### [Instructions for the task]
Which lines run from the one containing "Tacy Tassel Trimmed" through the last line of the records? Copy them exactly, leaving pictures out.

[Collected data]
Start of Block
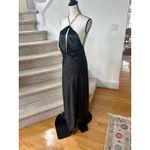 Nicholas Black Satin Gold Chain Link Halter Maxi Slip Dress Size 12 Photo 2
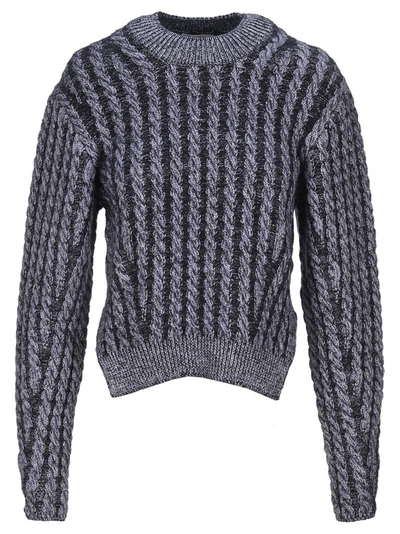 Chloé Chunky Cable-knit Side-slit Wool-blend Sweater In Blue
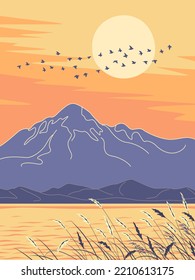 Serenity evening oriental landscape. Simple nature scene with mountains, wild cereals and birds flying against the sun. Bird flock silhouette on sunset. Vector minimalistic illustration.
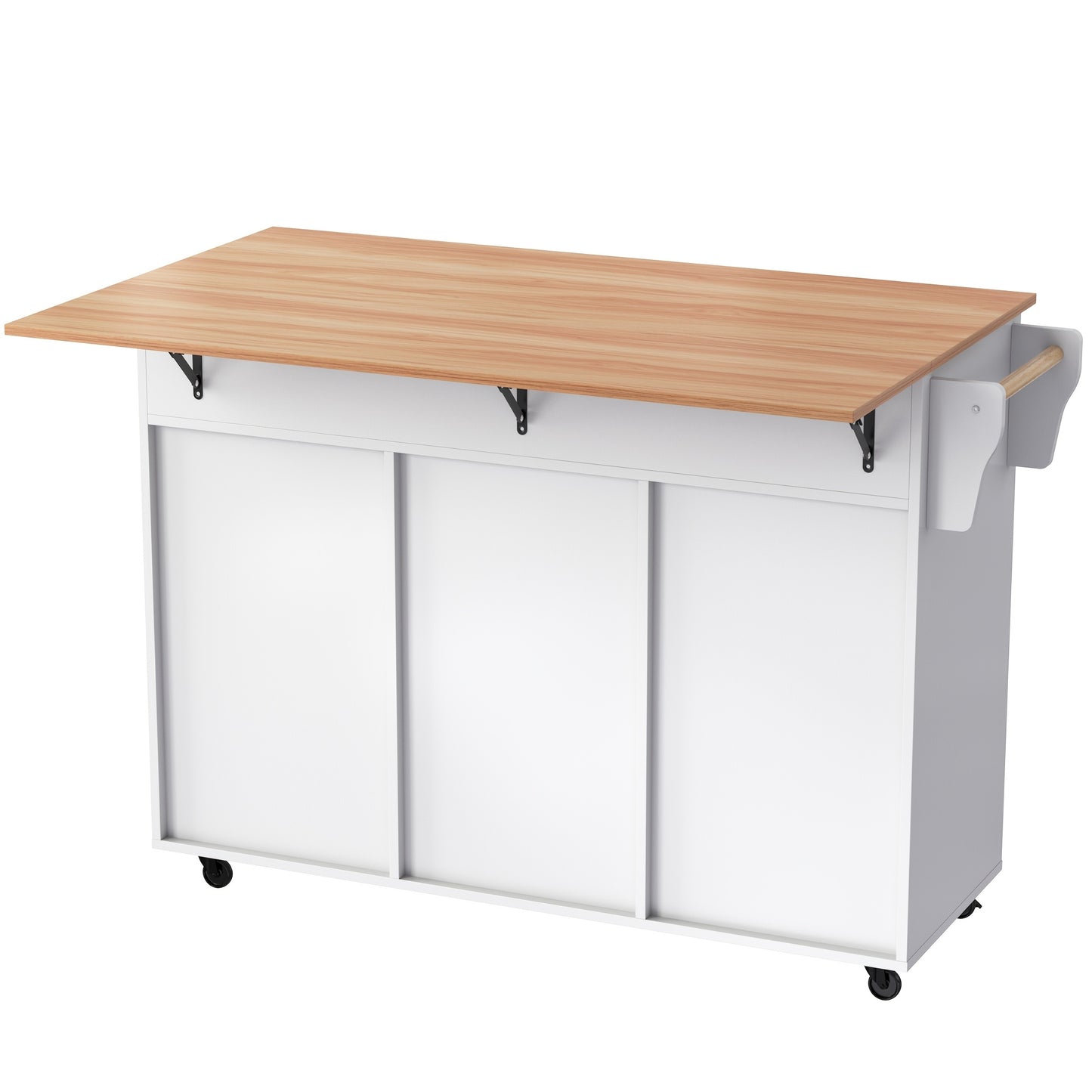 White Modern Mobile Kitchen Island with Folding Table Top, Built-In Shelves & Storage Cabinet, 2 Drawers - Heavy-Duty Metal Frame, Space-Saving Rolling Cart with Breakfast Bar, 129x46x91.5cm, No Electrical Required for Dining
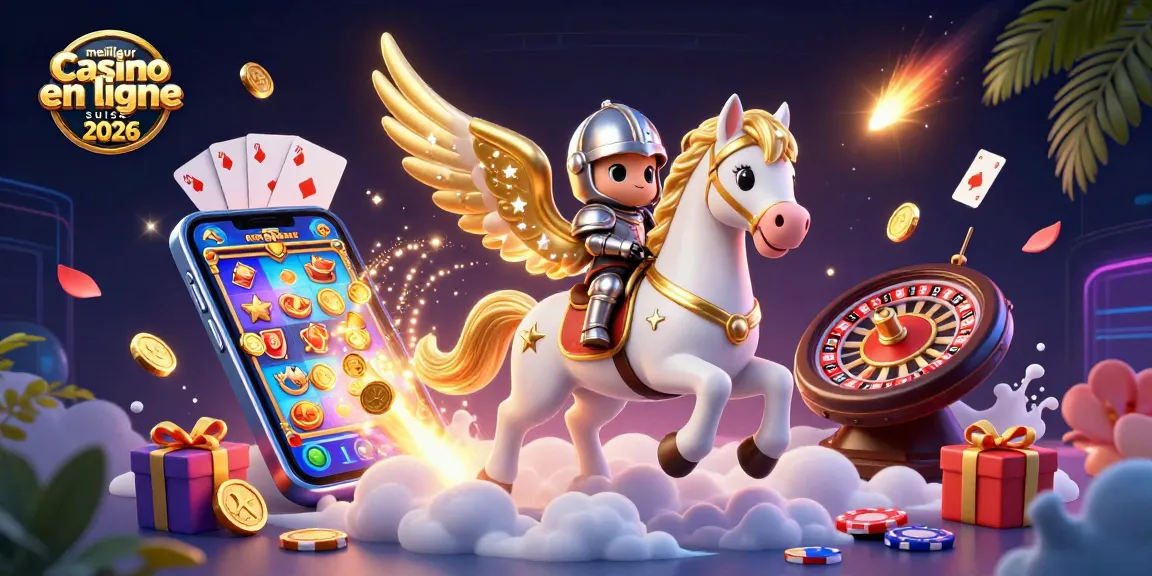 Jouer au meilleur casino en ligne suisse 2026 avec un cheval céleste et un chevalier dans un monde fantastique.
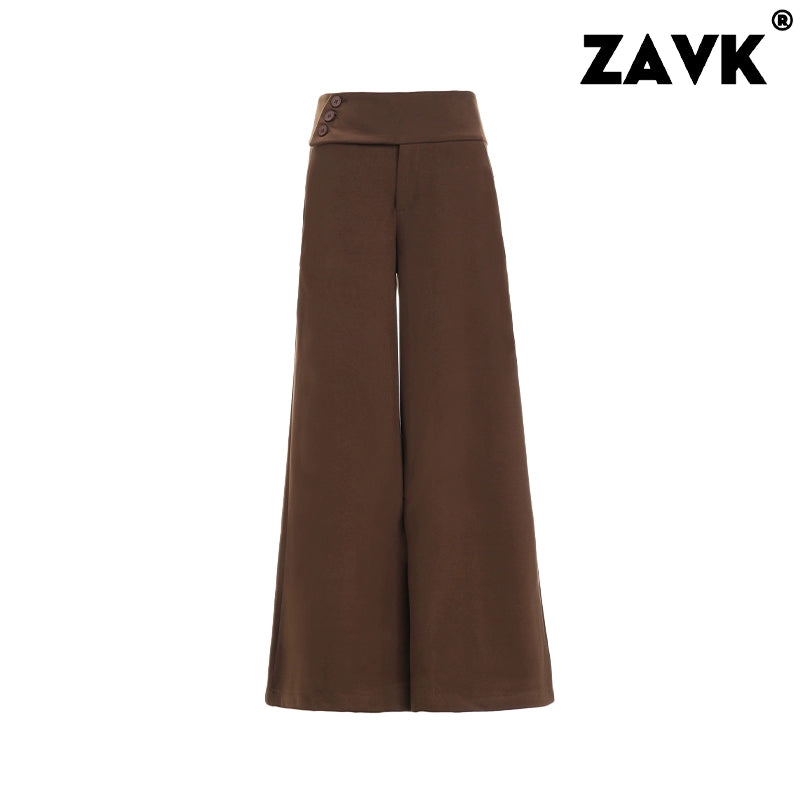 ZAVK Side Waist Button Skinny Wide Leg Pants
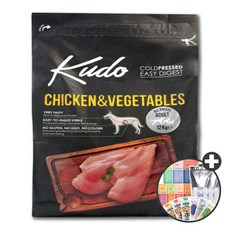  쿠도 사료 콜드프레스 냉온 동결 압착 사료, 쿠도 닭야채 전연령 12kg+상전사은품 
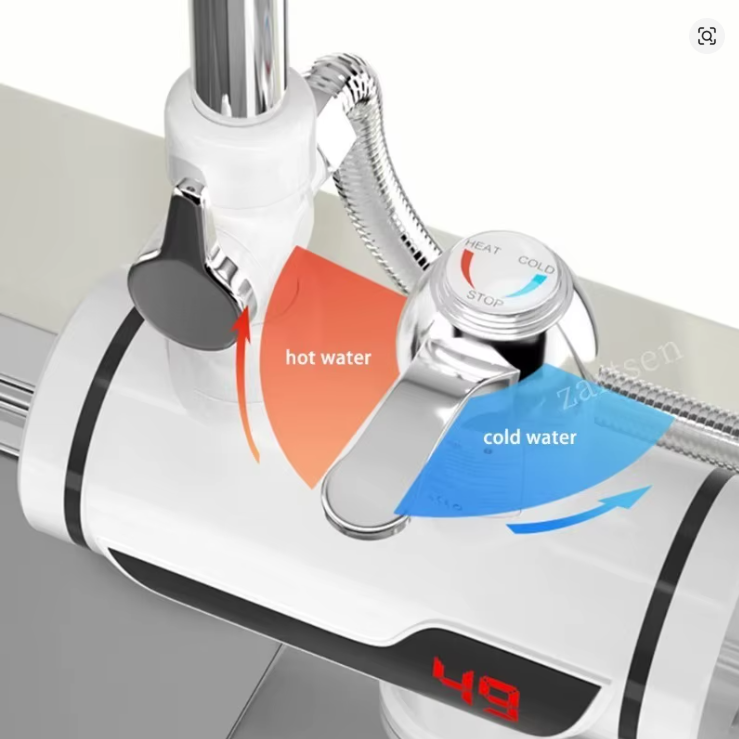 Bomba la Maji ya Moto la Umeme (3000W) lenye "Shower" - Instant Hot Water Faucet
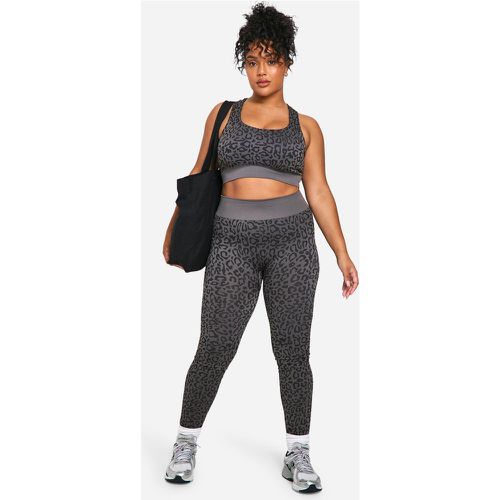 Legging Plus Size con stampa leopardata e cuciture - boohoo - Modalova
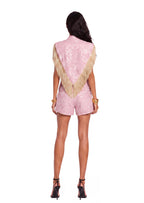 Tacy Tassel Trimmed Shawl & Shorts Set In Pink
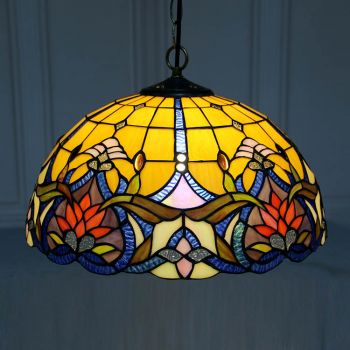 LongHuiJing 16-Inch Tiffany Style Hanging Pendant Lamp Fixture Elegant Flower Stained Glass Hanging Lighting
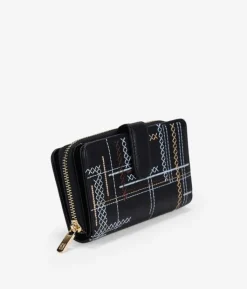 Femme Bosanova Portefeuilles | Portefeuille noir moyen avec surpiqûres, fermeture éclair et rabat avec bouton.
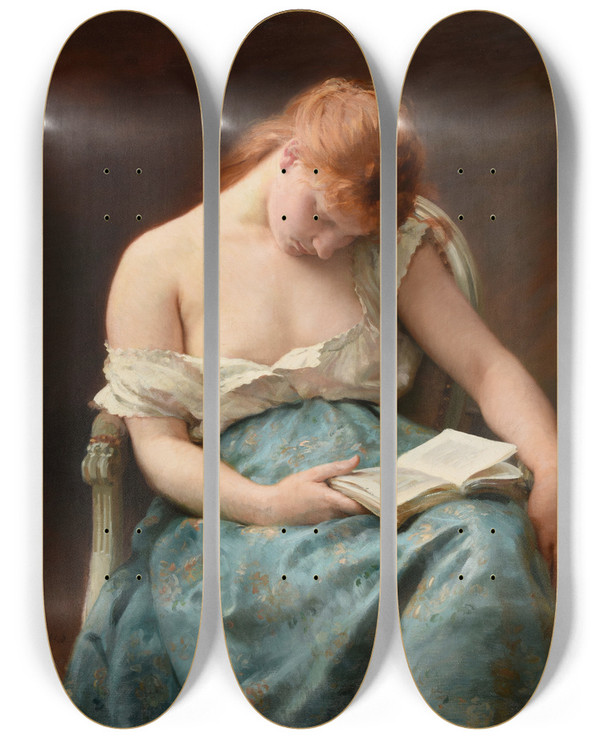 Triptych art skateboard deck of Jean Andr Rixens Lendormie by Jean Andre Rixens (1846-1925)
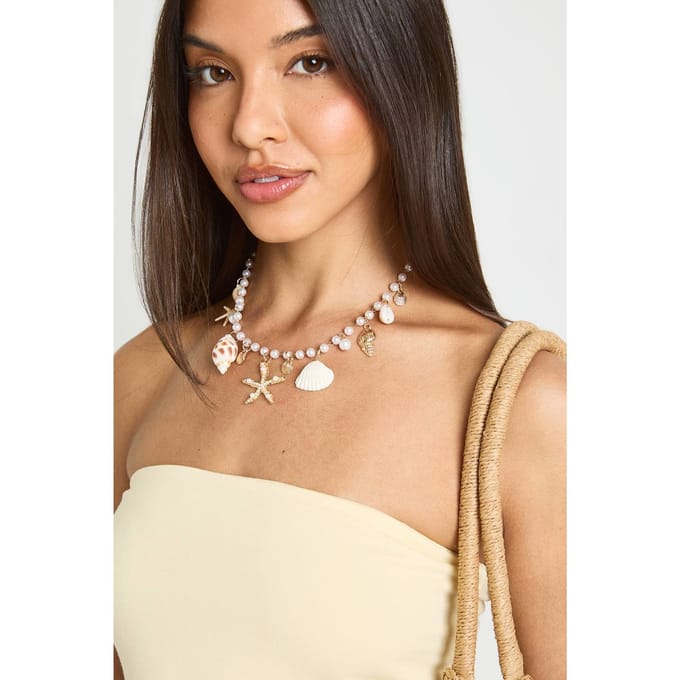 boohoo Dames Oceaan Parel Bedel Ketting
End of Block
### [Answer section]
 Tacy Tassel Trimmed Shawl & Shorts Set In Pink
 LongHuiJing 16-Inch Tiffany Style Hanging Pendant Lamp Fixture Elegant Flower Stained Glass Hanging Lighting
 Femme Bosanova Portefeuilles | Portefeuille noir moyen avec surpiqûres, fermeture éclair et rabat avec bouton.
 Triptych art skateboard deck of Jean Andr Rixens Lendormie by Jean Andre Rixens (1846-1925)
 boohoo Dames Oceaan Parel Bedel Ketting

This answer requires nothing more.